HARIANTERBIT.CO – Di bulan suci Ramadan, pameran lukisan bertajuk ‘Sumatra Menangis dan Kritik Ekologi’ digelar di Galeri Lukisan Denny JA yang berlokasi di Padel District Ciputat, Jakarta, Kamis (26/2/2026). Pameran ini menghadirkan refleksi visual tentang krisis lingkungan yang menggugah nurani sekaligus kesadaran spiritual.

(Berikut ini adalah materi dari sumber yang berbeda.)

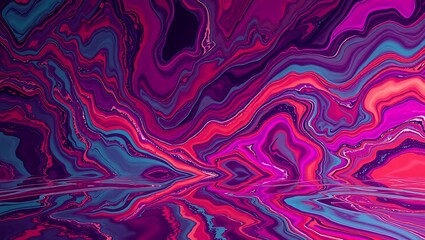 Obraz premium Abstract Pink Purple and Teal Swirls Liquid Marble Design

Lebih dari seratus karya terpajang di dinding galeri yang menyatu dengan arena padel tersebut. Sebanyak 27 lukisan di antaranya tergabung dalam serial ‘Sumatra Menangis dan Kritik Ekologi’ — sebuah rangkaian karya yang menempatkan bencana ekologis sebagai refleksi peradaban.
Salah satu karya paling mengguncang adalah lukisan berjudul ‘Tangan Terakhir yang Meminta’. Lukisan ini menampilkan seorang anak lelaki terperangkap dalam pusaran air berlumpur. Tangannya terulur ke langit —bukan sekadar meminta pertolongan, melainkan seperti menuntut jawaban. Wajahnya bukan hanya wajah ketakutan, tetapi potret generasi yang lahir dari kesalahan kolektif.

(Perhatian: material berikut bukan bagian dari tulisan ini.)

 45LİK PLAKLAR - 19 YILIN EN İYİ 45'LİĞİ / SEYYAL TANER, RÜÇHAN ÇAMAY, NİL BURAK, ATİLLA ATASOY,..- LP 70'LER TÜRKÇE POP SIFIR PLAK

Di belakangnya, siluet kota menjulang samar. Puing kayu dan batang pohon mengambang di air keruh — jejak pembabatan dan kelalaian panjang. Lukisan ini tak sekadar merekam tragedi seorang anak, tetapi merekam kegagalan kolektif sebuah peradaban. Bencana di Sumatra, dalam tafsir visual ini, bukan semata takdir hujan. Ia adalah konsekuensi dari pilihan yang berulang.
Pendekatan ini oleh Denny Januar Ali disebut sebagai Genre Lukisan Imajinasi Nusantara — sebuah inovasi seni rupa digital yang memadukan realisme figur manusia, simbol budaya lokal, lanskap surealis, serta pemanfaatan kecerdasan buatan sebagai perangkat kreatif. Namun teknologi bukan pusatnya. Ia hanya jembatan. Yang utama adalah jiwa, tafsir sosial, dan kegelisahan zaman yang ingin disampaikan.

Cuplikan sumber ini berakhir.